From dial-a-hate to the Twitter feed
Throughout history, advances in communications technology have enabled new forms of hate speech. In the 1960s, for example, extremist groups in the US set up automated voice messages connected to phone lines, broadcasting their views to a wide audience.3
The “dial-a-hate” phenomenon drew the attention of Congress with policymakers putting pressure on AT&T to tackle the issue
The so-called “dial-a-hate” phenomenon drew the attention of Congress. Prevented from banning the recordings by First Amendment laws protecting freedom of speech, policymakers put pressure on telecoms company AT&T to tackle the issue. The company argued it was powerless to regulate the activity of private individuals on its phone lines.4
Today, social media giants such as Facebook and Twitter make similar arguments when criticised for the content that appears on their platforms. But hate speech is a far bigger problem in the Internet era, when millions of people around the world can meet and instantaneously exchange information – or intimidate, bully or harass.

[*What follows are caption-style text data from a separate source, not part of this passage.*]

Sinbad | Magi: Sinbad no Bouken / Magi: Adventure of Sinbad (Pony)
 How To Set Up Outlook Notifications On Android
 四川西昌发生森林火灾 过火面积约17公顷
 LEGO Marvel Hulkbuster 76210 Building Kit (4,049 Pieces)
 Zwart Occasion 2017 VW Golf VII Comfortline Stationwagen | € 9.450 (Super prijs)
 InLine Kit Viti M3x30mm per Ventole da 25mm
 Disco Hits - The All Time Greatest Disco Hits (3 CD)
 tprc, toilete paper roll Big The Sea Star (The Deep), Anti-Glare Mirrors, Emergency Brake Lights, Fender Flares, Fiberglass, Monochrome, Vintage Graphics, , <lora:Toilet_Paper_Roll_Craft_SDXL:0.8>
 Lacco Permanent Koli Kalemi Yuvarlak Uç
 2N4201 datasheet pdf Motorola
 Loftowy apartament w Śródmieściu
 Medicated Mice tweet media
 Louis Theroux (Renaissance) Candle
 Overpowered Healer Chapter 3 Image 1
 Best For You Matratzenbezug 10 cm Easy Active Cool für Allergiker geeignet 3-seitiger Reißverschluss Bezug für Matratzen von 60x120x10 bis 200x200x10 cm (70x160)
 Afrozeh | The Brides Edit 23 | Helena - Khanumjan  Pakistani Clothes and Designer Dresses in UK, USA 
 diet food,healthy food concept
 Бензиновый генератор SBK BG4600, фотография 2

As defined by the United Nations, hate speech encompasses “any kind of communication in speech, writing or behaviour, that attacks or uses pejorative or discriminatory language with reference to a person or a group on the basis of who they are”. This might include their religion, ethnicity, nationality, race, gender, sexuality or any other identity factor.5
In 2015, countries around the world committed to tackling the problem as part of the UN’s 17 Sustainable Development Goals, many of which affirm the right to freedom of expression and protection from harassment. For example, SDG 16 aims to “promote peaceful and inclusive societies for sustainable development, provide access to justice for all and build effective, accountable and inclusive institutions at all levels”.6 But moving from commitment to practice has proved more difficult.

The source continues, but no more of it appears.